Ich habe das Review mal "überflogen" und konnte die Aussage, dass die 400 Watt Variante ebenfalls über vier 12V Rails verfügt leider nicht finden.

Im Eingang steht Triple / die Abbildungen der Verpackung zeigen ebenfalls nur drei Rails.

Gruß

Marco


----------



## Rapante_Rapante (16. Dezember 2014)

Steht ungefähr in der Mitte:
En elke 6+2 pins PEG connector heeft ook zijn eigen 12V rail, de ene heeft geel witte draden en de andere blauw gele draden. Deze verdeling is dus nog beter dan wat het label en de handleiding verteld! Met 18A per connector (of misschien wat meer maar dit moet je meten) zou je een enkele 12V rail nooit per ongeluk kunnen overbelasten maar bij kortsluiting beschermt dit wel de rest van de PC, wat veel minder het geval is bij een single rail voeding.

Nach diesem Bild:
http://tweakers.net/ext/f/J2B76WO98WV5L1LQ1AugJe5l/full.jpg


Er erwähnt das auch am Anfang in der Pro und Contra Liste, allerdings als Contra weil es eben nicht der Beschreibung entspricht.


----------



## be quiet! Support (16. Dezember 2014)

Danke für den Hinweis ich lasse das mal prüfen...

Gruß

Marco


----------



## FrozenPie (16. Dezember 2014)

be quiet! Support schrieb:


> Danke für den Hinweis ich lasse das mal prüfen...

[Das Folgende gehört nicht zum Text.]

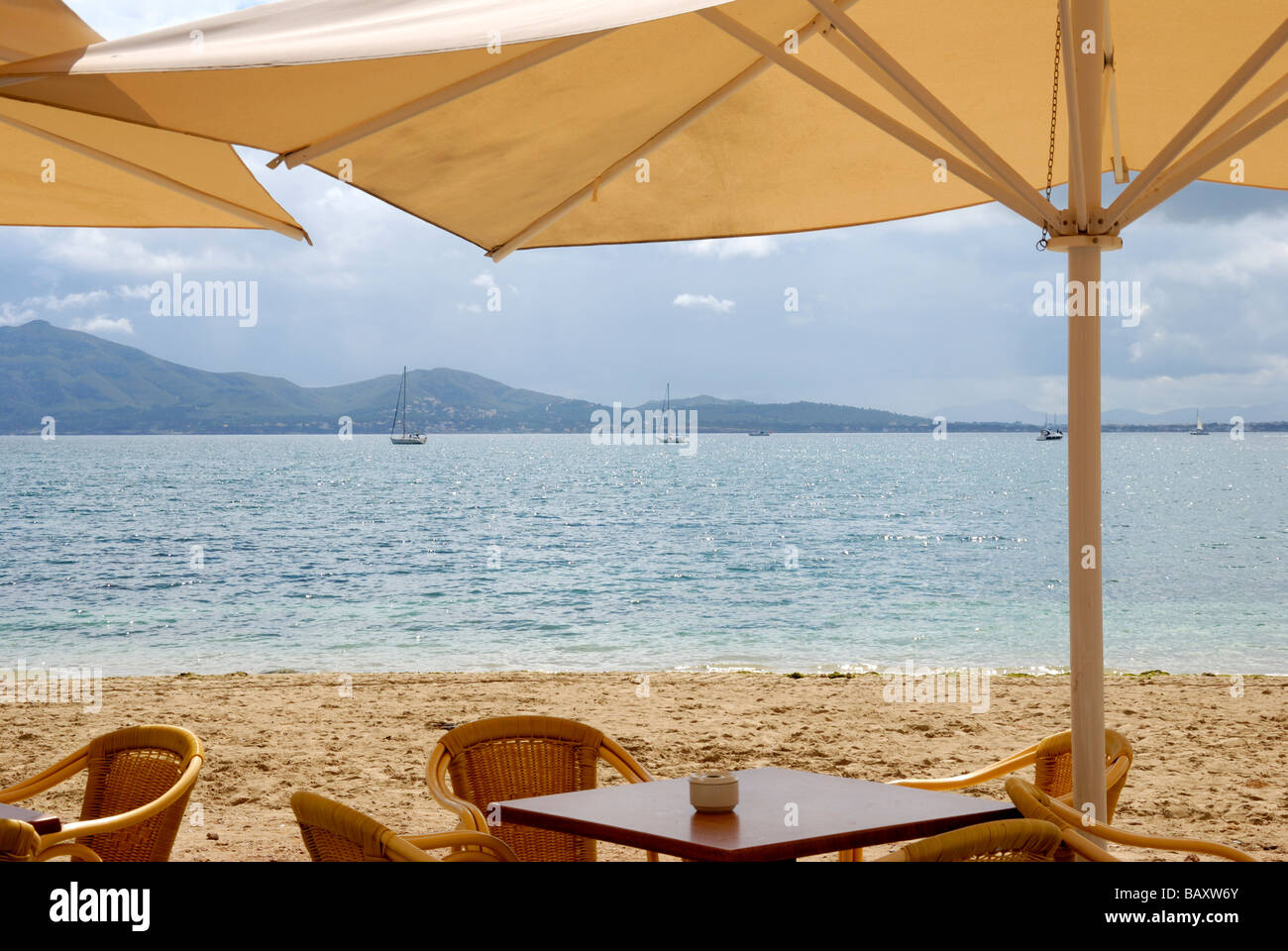 Parasols sur tables en bois avec des chaises en osier, plage, et la mer en arrière-plan Banque D'Images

Wir warten alle gespannt wie die Flitzebögen


----------



## be quiet! Support (17. Dezember 2014)

FrozenPie schrieb:


> Wir warten alle gespannt wie die Flitzebögen



Und wieder ist der Beitragszähler um einen Punkt gestiegen 

Ich bin da dran, aber gebt mir etwas Zeit.

Gruß

Marco


----------



## Threshold (17. Dezember 2014)

be quiet! Support schrieb:


> Ich bin da dran, aber gebt mir etwas Zeit.



Keine Sorge. wir sind alle geduldig.


----------



## MATRIX KILLER (17. Dezember 2014)

Da bin ich mal gespannt


----------



## FrozenPie (22. Dezember 2014)

Es ist so verdächtig still hier..


----------



## fisch@namenssuche (20. Januar 2015)

be quiet! Support schrieb:


> Ich bin da dran, aber gebt mir etwas Zeit.
> 
> Gruß
> 
> Marco



Der letzte Post ist nun 'nen Monat rum und die Weihnachtsfeiertage und Neujahr hoffentlich gut überstanden... 
Wie sieht's denn aus?


----------



## Rapante_Rapante (20. Januar 2015)

Wurde im Netzteilthread doch mal beantwortet, bei der ersten Charge wurde versehentlich die 4te Rail mit angeschlossen, das soll in Zukunft geändert werden. Vielleicht kann man das selber entsprechend umlöten.^^


----------